— About this task —
Would you write out every record that follows exactly, with the pictures left out?

— Web page caption snippets —

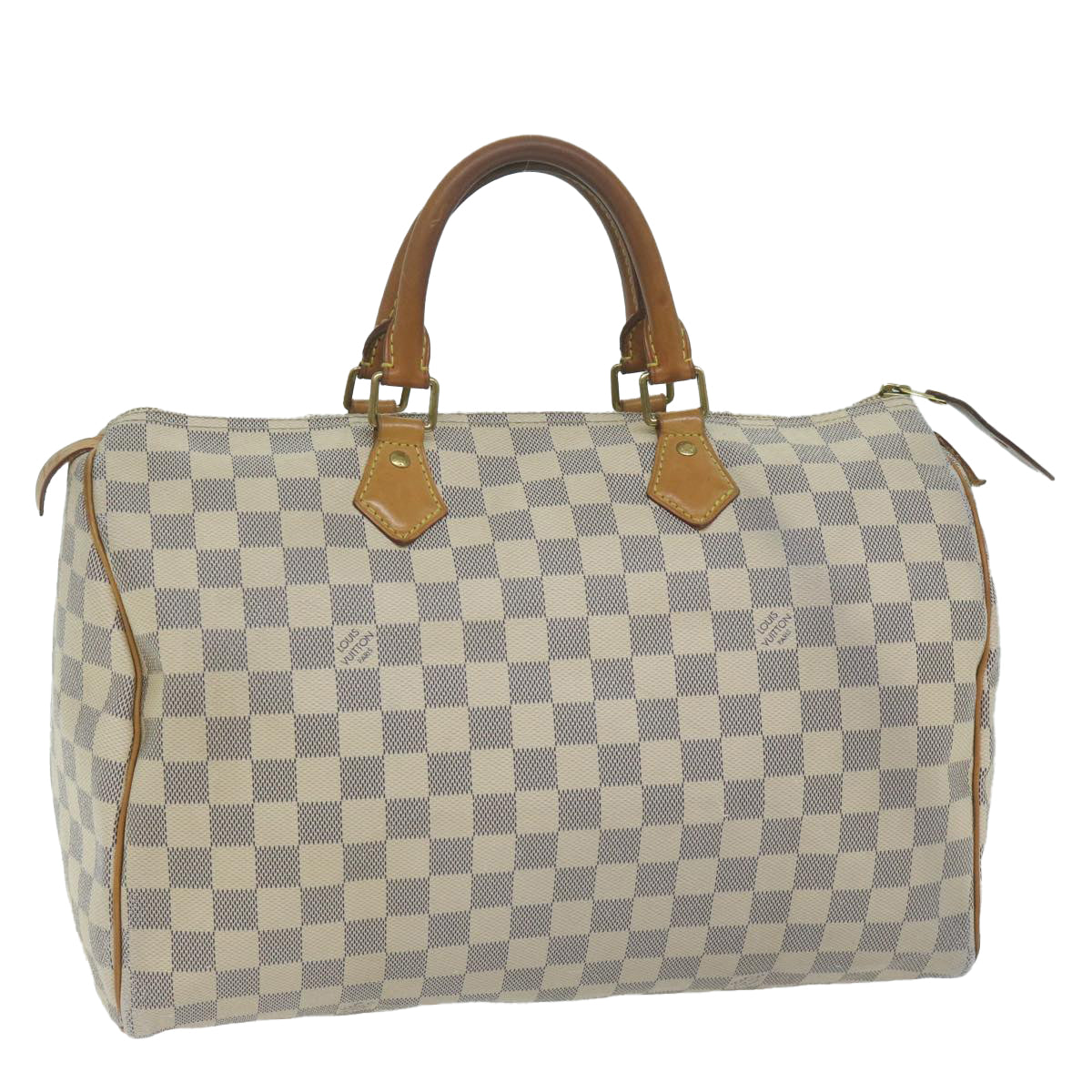 LOUIS VUITTON Damier Azur Speedy 35 Hand Bag N41535 LV Auth 64849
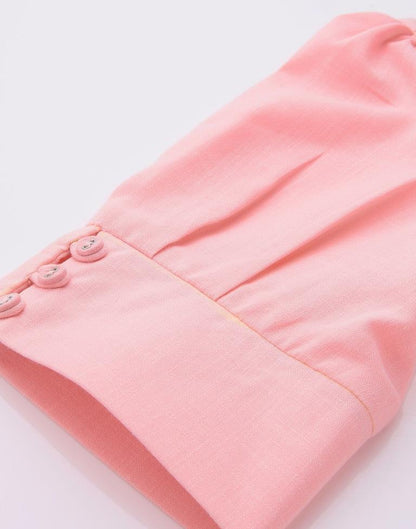 Light Pink Solied Kurta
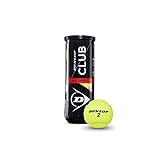 Dunlop Tennisball Club All Court - für Sand, Hartplatz und Rasen (1x3er Dose)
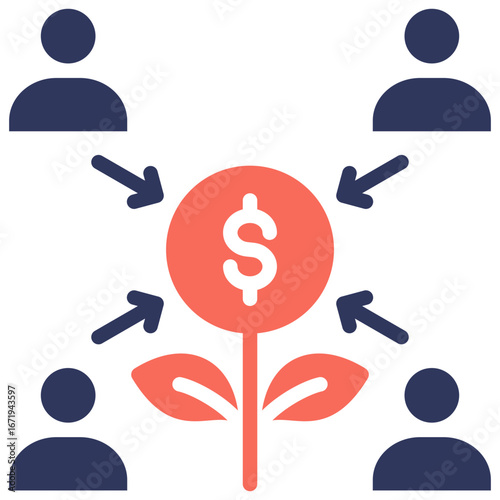 Crowdfunding Icon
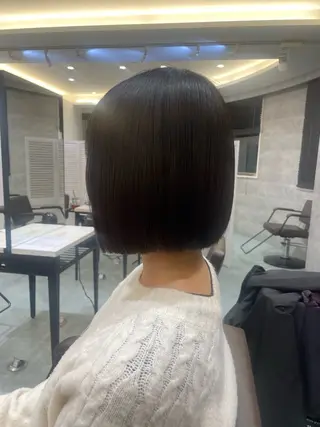 ミディアム ♡似合わせハイトーン ♡maiのヘアスタイル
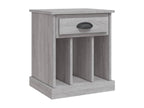 Meublori bedside table, grey, 43x36x50 cm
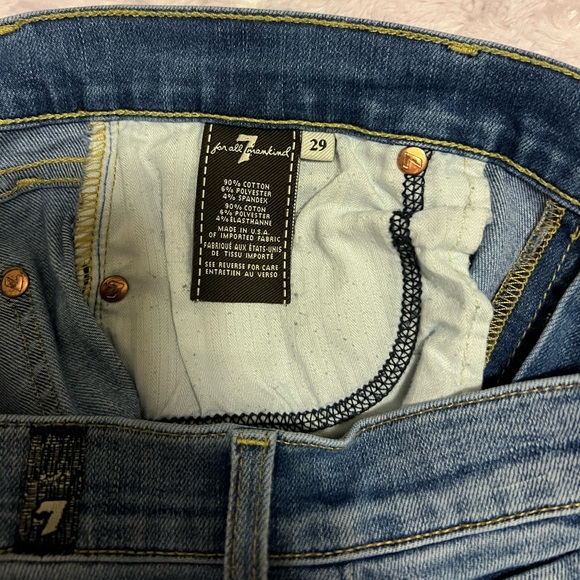 7 For All Mankind Jeans - Medium Wash - Picture 4 of 5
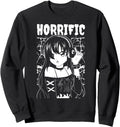 Exclusive Japanese Sad Anime Horrific Hoodie - Minimalist Print Men Women - T-Shirt, Sweatshirt, Hoodie
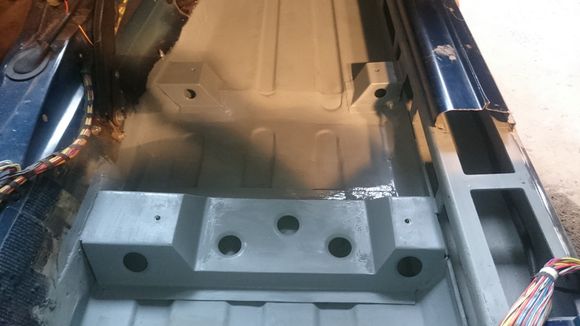 Seat mounting points for the XK seats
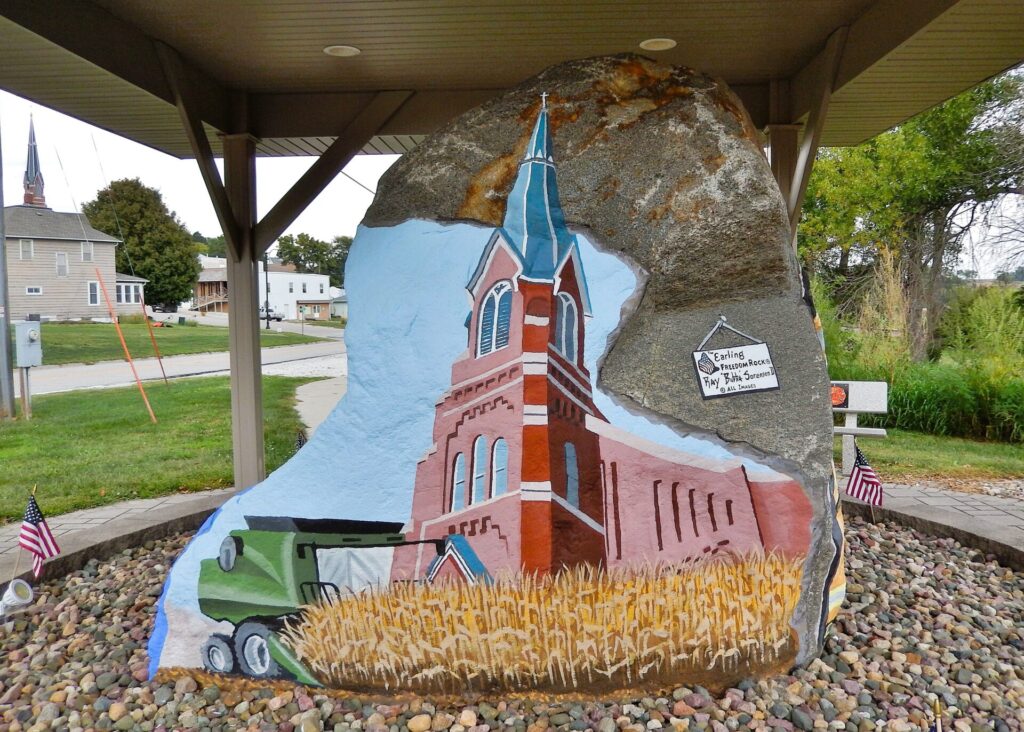 SHELBY COUNTY FREEDOM ROCK VETERANS MEMORIAL SIDE B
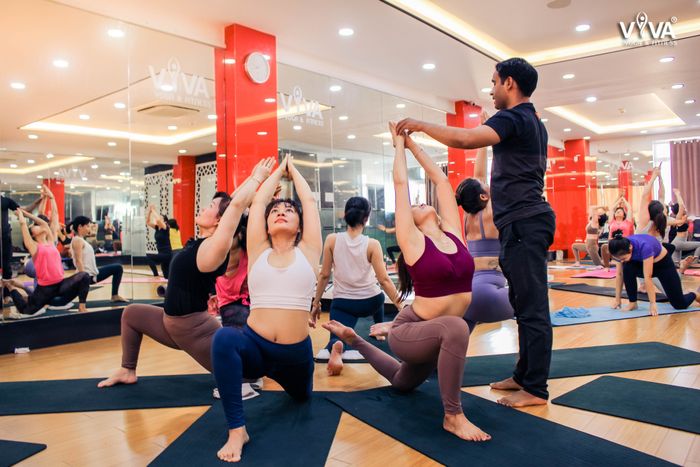 Không gian tập luyện đẳng cấp tại ViVa Yoga & Fitness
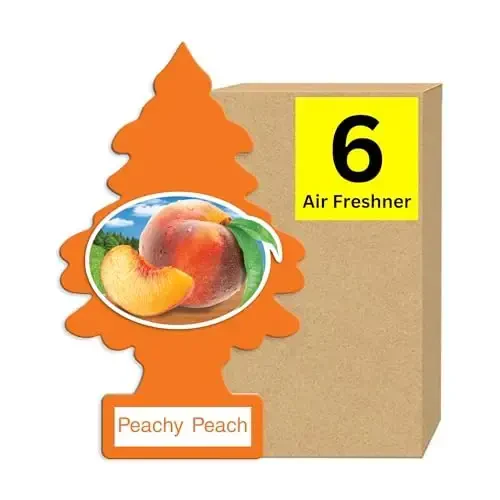 Little Trees Cardboard Hanging Car, Home & Office Air Freshener, Peachy Peach (Pack of 6) - LITTLE TREES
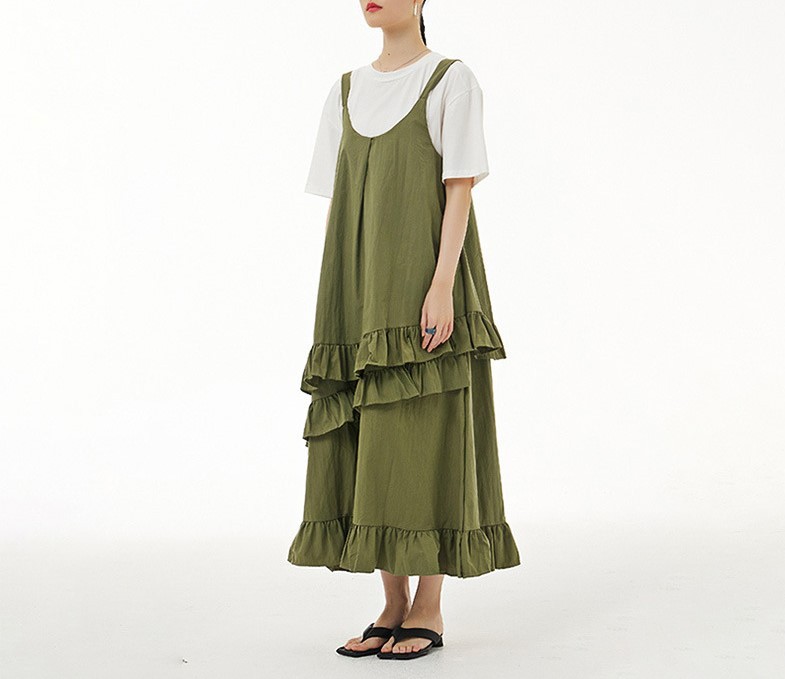 Spliced Strap Dress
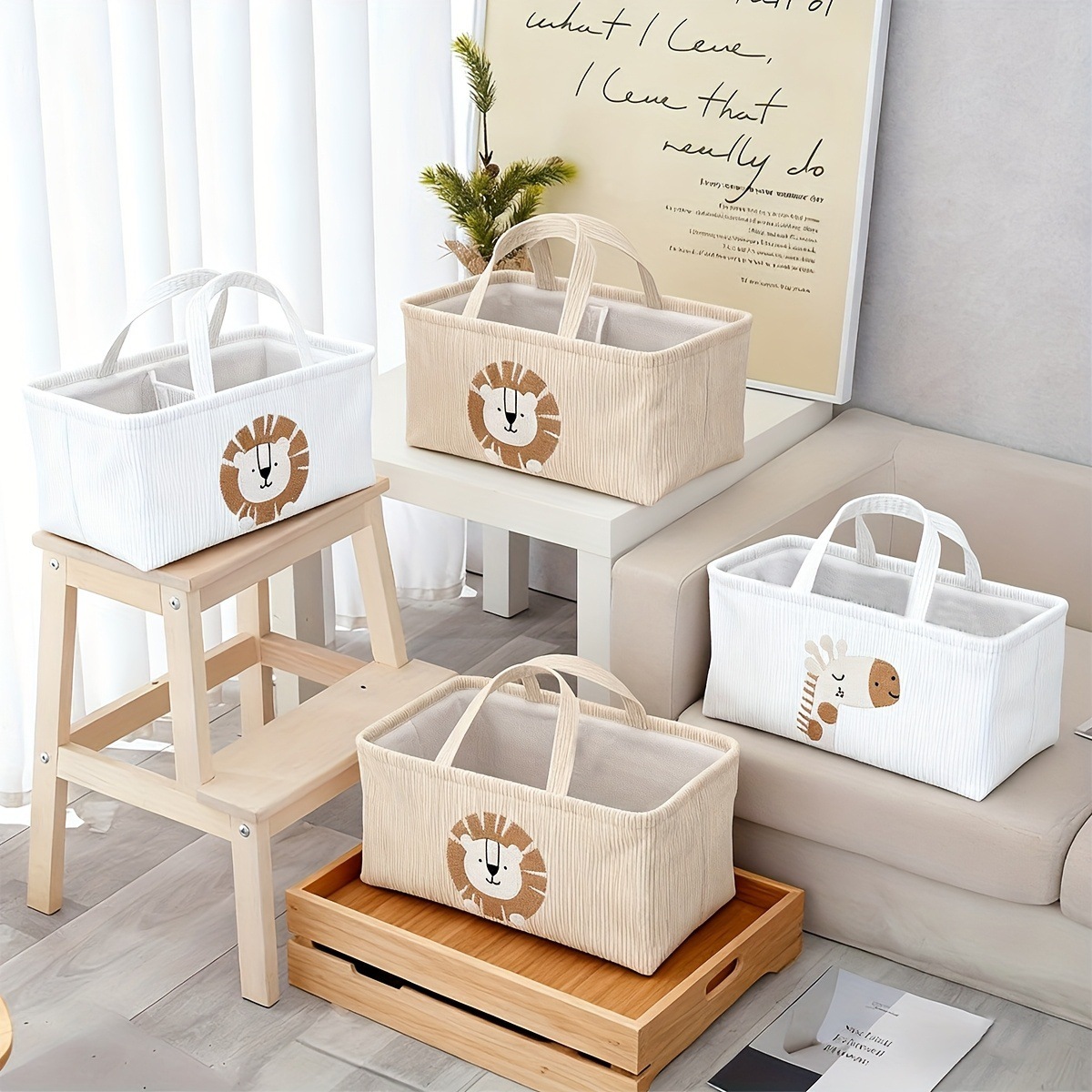 Милая корзина для подгузников  – обзор и цена Baby Nursery Organiser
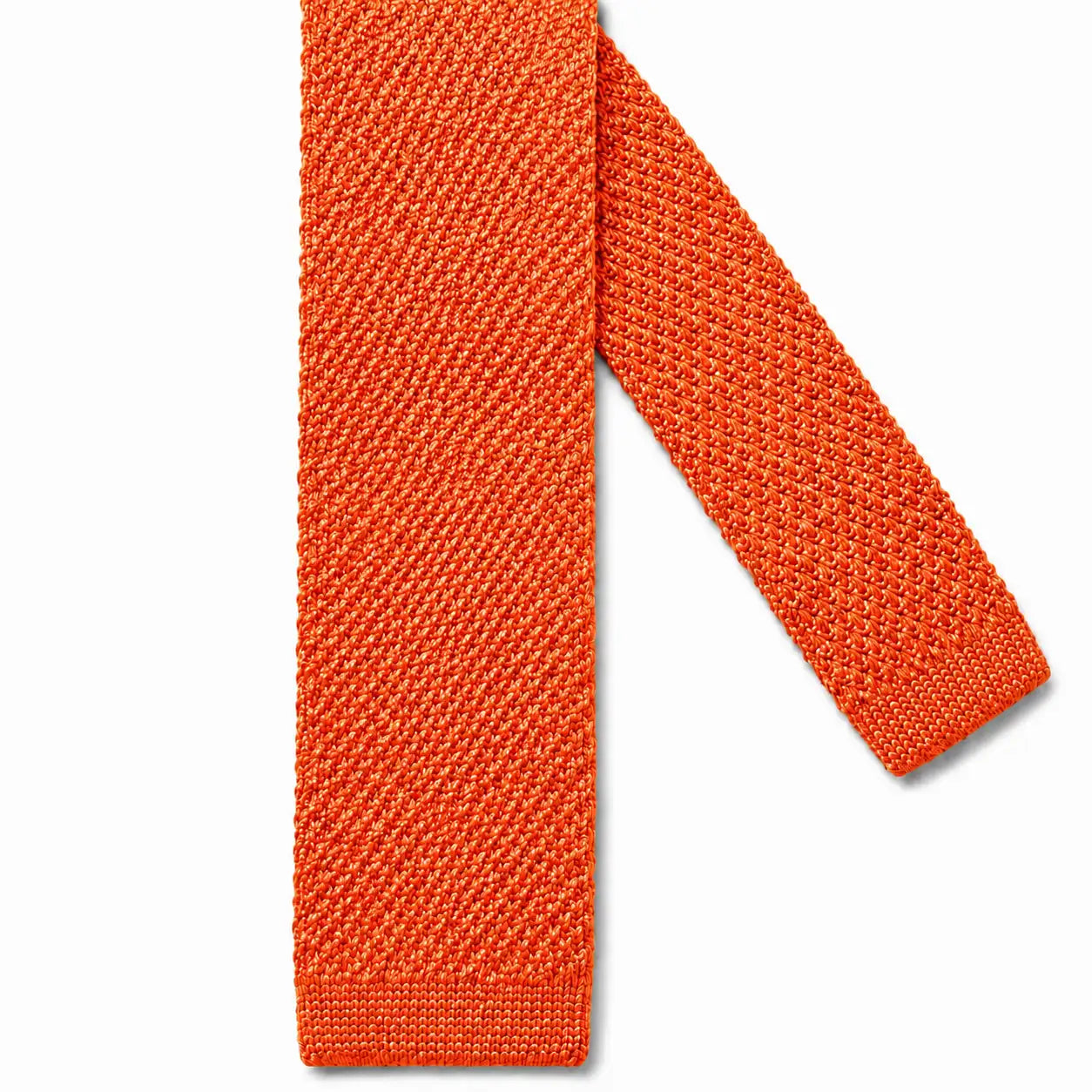 Cravate tricot orange microfibre - vue 2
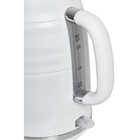 Чайник электрический jvc JK-KE1744, пластиковый, 2200 Вт, 1.7 л, белый - фото 51337369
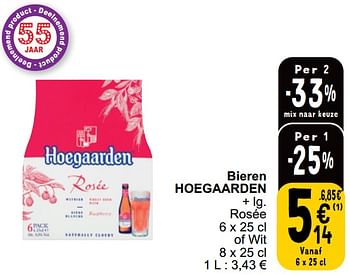 Promotions Bieren hoegaarden - Hoegaarden - Valide de 16/04/2024 à 22/04/2024 chez Cora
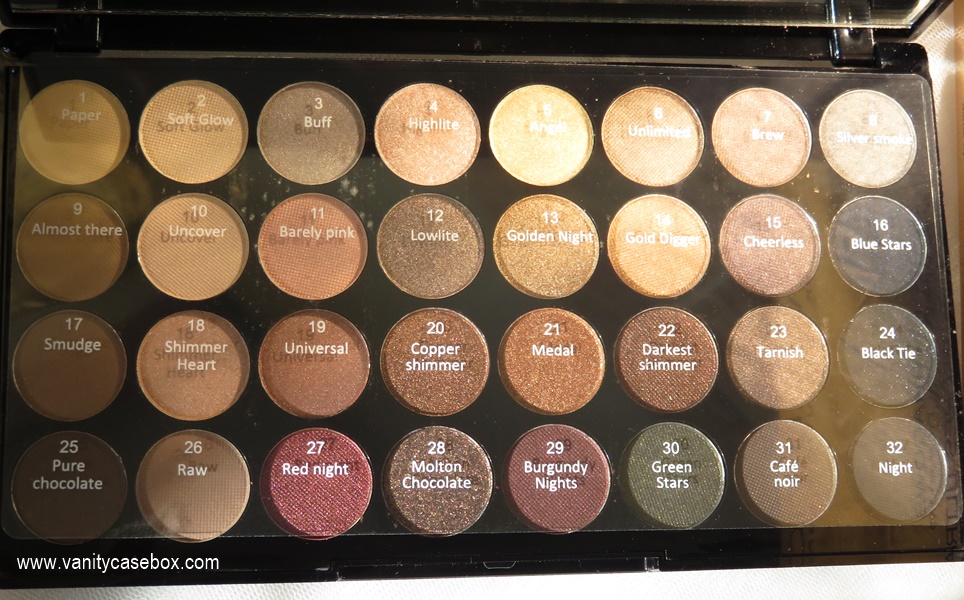 Makeup Revolution Shimmers and Matte Nudes Ultra 32 Eyeshadows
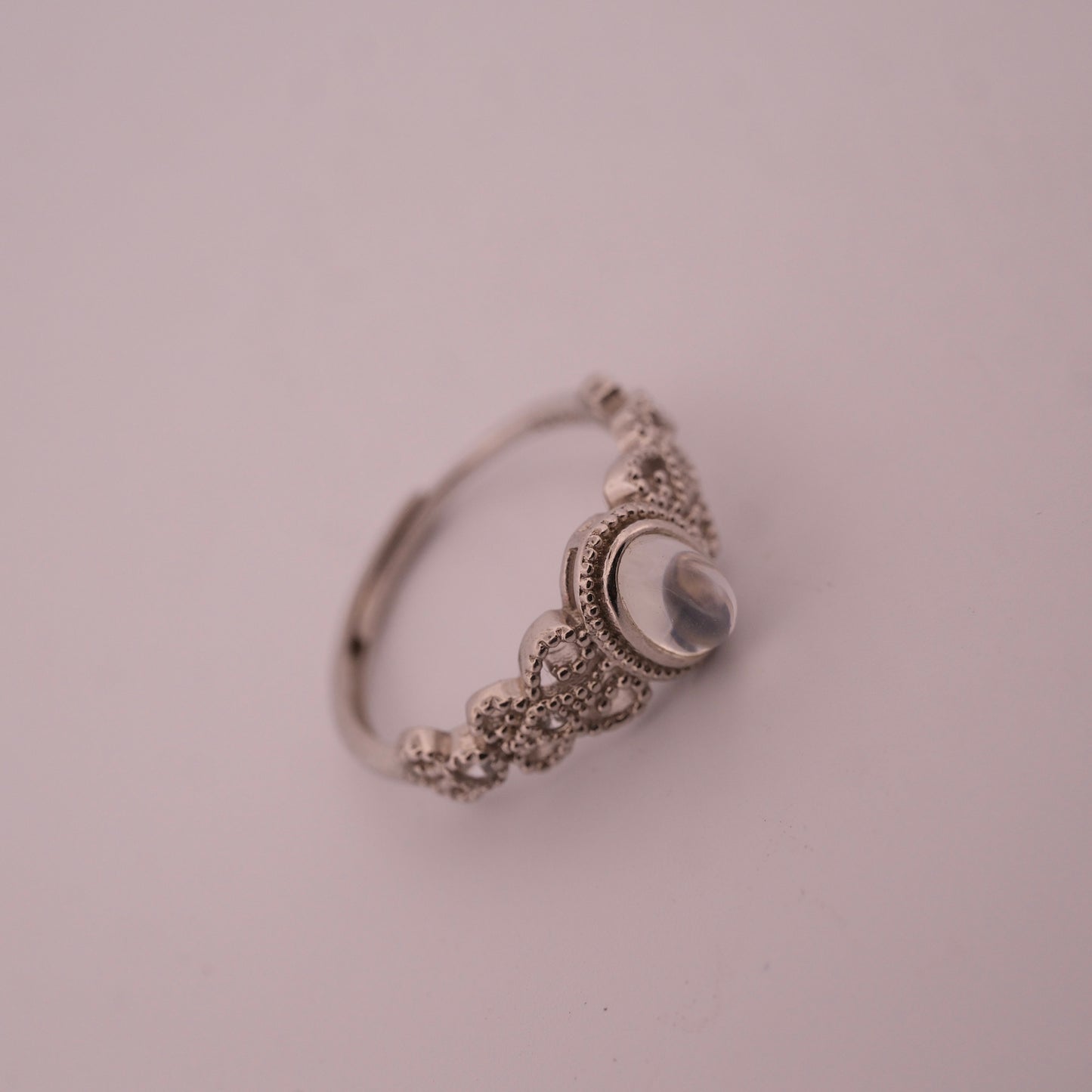 Moonstone S925 Adjustable Ring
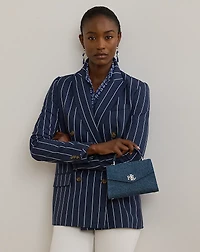 Washed Denim Small Farrah Satchel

— Solved exercise —
 LOUIS VUITTON Damier Azur Speedy 35 Hand Bag N41535 LV Auth 64849
 Light Pink Solied Kurta
 Dunlop Tennisball Club All Court - für Sand, Hartplatz und Rasen (1x3er Dose)
 Crowdfunding Icon
 ミディアム ♡似合わせハイトーン ♡maiのヘアスタイル
 Meublori bedside table, grey, 43x36x50 cm
 7 For All Mankind Jeans - Medium Wash - Picture 4 of 5
 Exclusive Japanese Sad Anime Horrific Hoodie - Minimalist Print Men Women - T-Shirt, Sweatshirt, Hoodie
 Seat mounting points for the XK seats
 SHELBY COUNTY FREEDOM ROCK VETERANS MEMORIAL SIDE B
 Không gian tập luyện đẳng cấp tại ViVa Yoga & Fitness
 Little Trees Cardboard Hanging Car, Home & Office Air Freshener, Peachy Peach (Pack of 6) - LITTLE TREES
 Spliced Strap Dress
 Милая корзина для подгузников  – обзор и цена Baby Nursery Organiser
 Cravate tricot orange microfibre - vue 2
 Чайник электрический jvc JK-KE1744, пластиковый, 2200 Вт, 1.7 л, белый - фото 51337369
 Promotions Bieren hoegaarden - Hoegaarden - Valide de 16/04/2024 à 22/04/2024 chez Cora
 Makeup Revolution Shimmers and Matte Nudes Ultra 32 Eyeshadows
 Moonstone S925 Adjustable Ring
 Washed Denim Small Farrah Satchel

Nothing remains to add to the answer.